“The best advice I can give anyone going through a rough patch is to never be afraid to ask for help.”  ~ Demi Lovato

When I have a toothache, I get help from my dentist. My CPA helps prepare my income tax return.  And if my car has a dead battery, I call for roadside assistance.  It’s kind of a no-brainer to ask for help when we’re going to be paying for the service provided.  But what if I need help with a work assignment, or advice about a relationship?  Why is it easier for some people to ask for help than for others?  Is it essentially a gender difference, like the stereotypical male who won’t ask for directions?  Could it be a control issue?

Let’s say you’ve been assigned a project at work and you can’t figure out how to get started.  Instead of asking your boss for clarification, you simply stall, postpone it, and then feel like a jerk when she asks you how it’s coming along.  What’s really going on here?  Are you afraid of looking incompetent?  Why can’t you simply admit to your boss that you’re having difficulty?

And what if you’ve gotten yourself into a ton of credit card debt, with bill collectors calling you night and day?  Why do you avoid answering the phone?  Are you embarrassed?  Have you considered making an appointment with a credit counselor?

There are about a thousand ways to ask for help without seeming dumb, weak, or needy.   For starters, choose the best person to ask for the specific help you need.  If you want to know how to set up a spreadsheet, chances are your grandma won’t be the first person you ask.  And if you’re looking for an emergency babysitter, I’d definitely shy away from your reclusive neighbor.  When you ask for help, be specific, don’t beat around the bush, and make sure to allow room for the other person to decline.  Consider this:  instead of making a demand, try making it reciprocal.  “If you are willing to spend a couple of hours with me sorting through my messed-up budget, I’ll happily take your kids to the park for an afternoon.”

If you are asking for a loan, one of the most difficult things to conjure up the nerve to do, make sure the lender understands your intent to repay.  Make that request in private, and face-to-face.  The fact that you’re in a bind doesn’t make you a bad person.  Remember that you’re not the first person in the history of the universe to be in that situation.

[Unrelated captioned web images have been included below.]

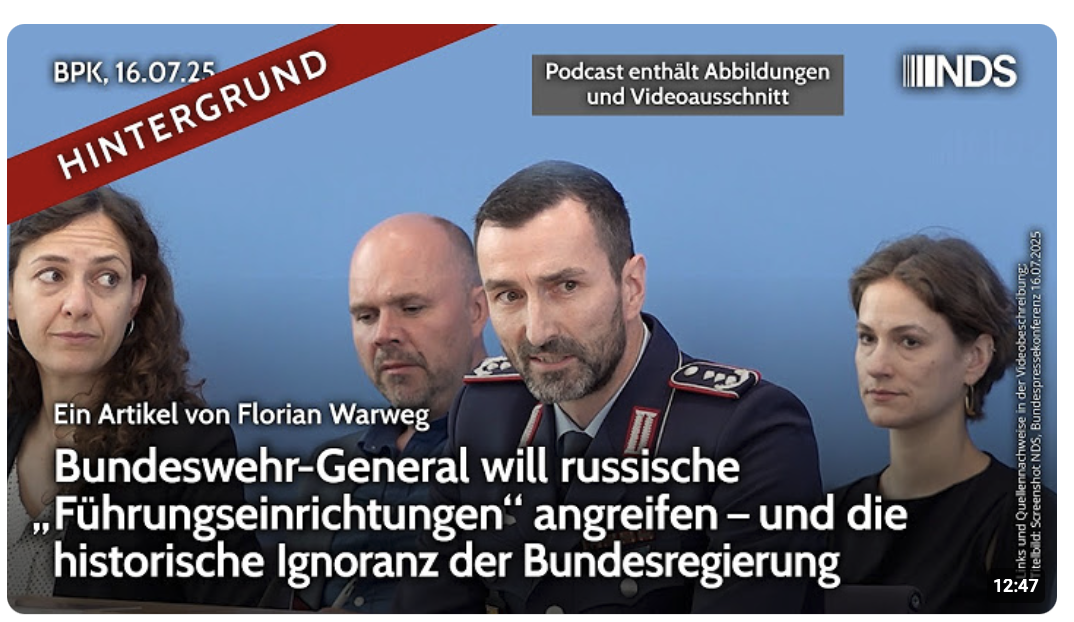 General will russische „Führungseinrichtungen“ angreifen – historische Ignoranz der Regierung BPK HG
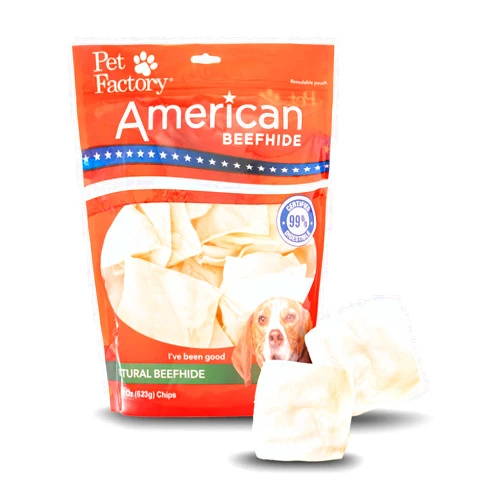 Pet Factory American Beefhide Chips Dog Chew Treats - Natural Flavor, 22 oz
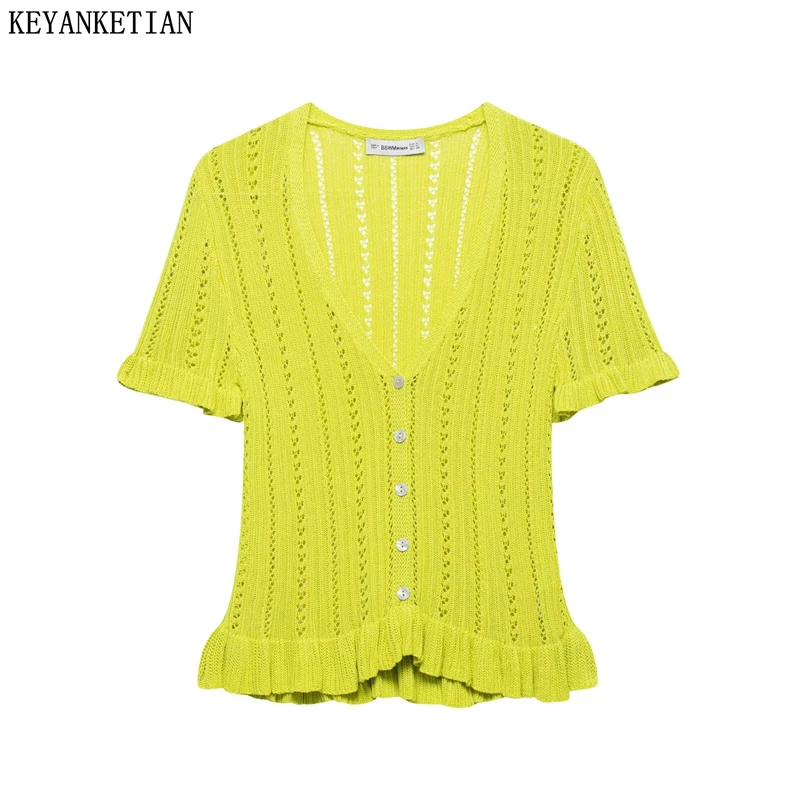 KEYANKETIAN Summer New Holiday wind Tiered Ruffles Decoration Hollow out Jacquard Knitted Top Women's Short Sleeve Knit Shirt
KEYANKETIAN Summer New Holiday wind Tiered Ruffles Decoration Hollow out Jacquard Knitted Top Women's Short Sleeve Knit Shirt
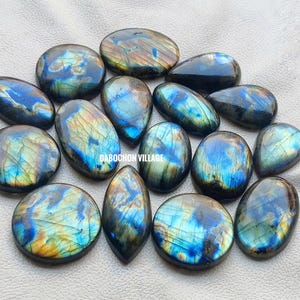 Großhandel Lot AAA + Blau und Multi Feuer Labradorit Cabochon lose Edelstein für die Schmuckherstellung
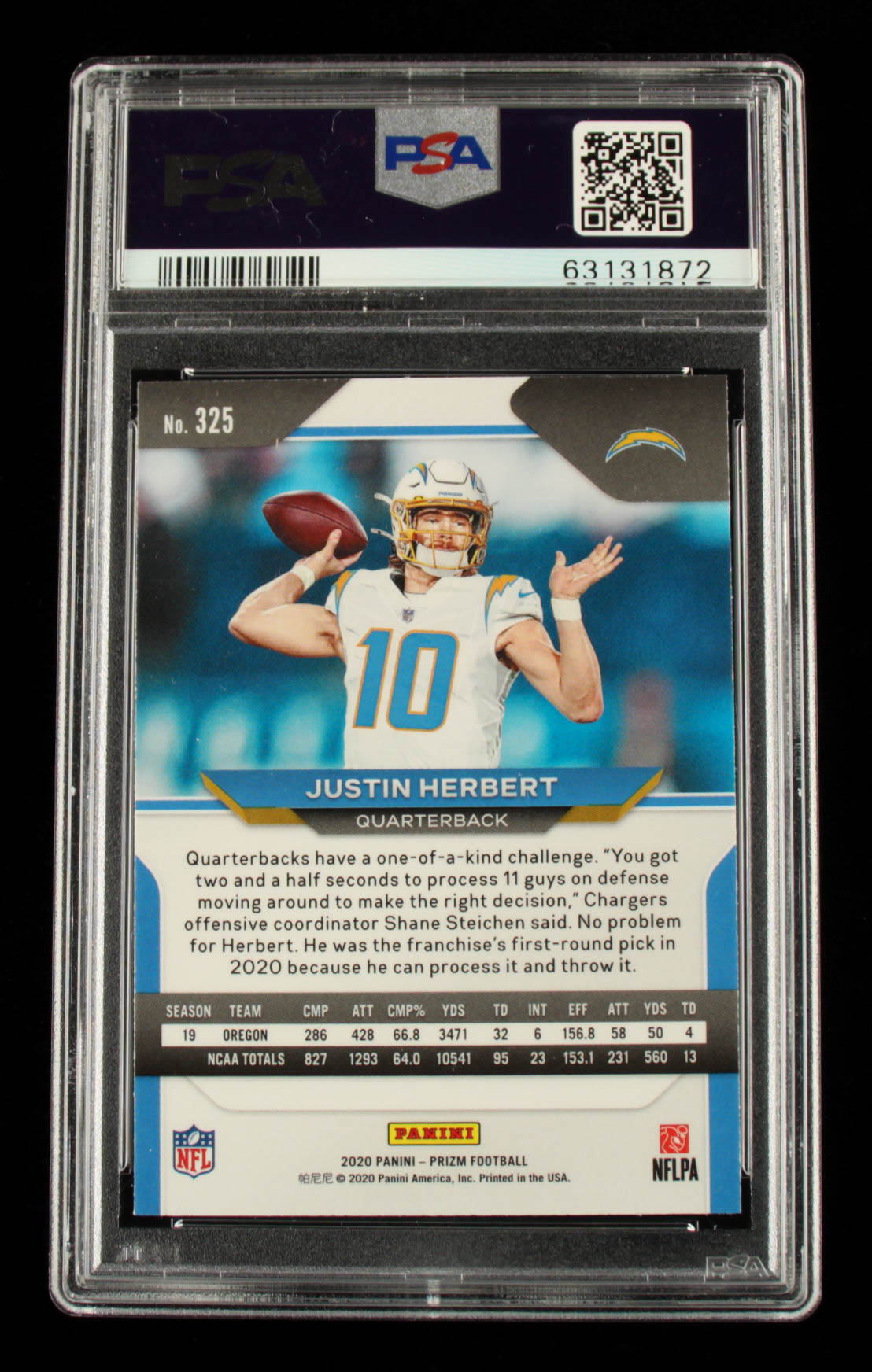 Justin Herbert 2020 Panini Prizm Prizms #325 (PSA 10) at PristineAuction.com Justin Herbert 2020 Panini Prizm Prizms #325 (PSA 10) at PristineAuction.com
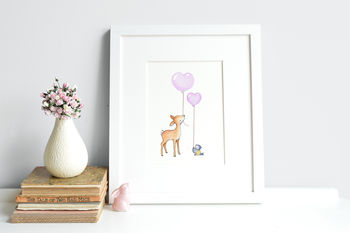 Personalised Baby Deer And Bluebird Bestfriends Picture, 2 of 9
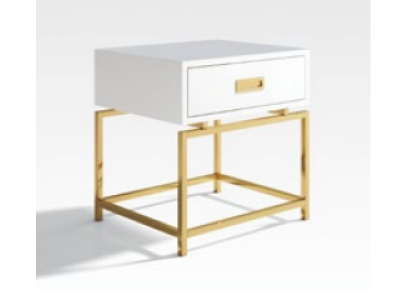 Mesa de noche, mesita de noche, cómoda, decoración, mesa auxiliar, consola, alto brillo, dorado.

Even if you’re the boss, you cannot possibly do everything yourself.  And I’m not talking about delegating menial tasks here; I’m talking about genuinely admitting you need help.  What makes us vulnerable also makes us human.  And humans need to be able to ask for help from time to time.

And if you’re fortunate enough to find yourself on the receiving side of a request for help, be generous.  It’s a good feeling.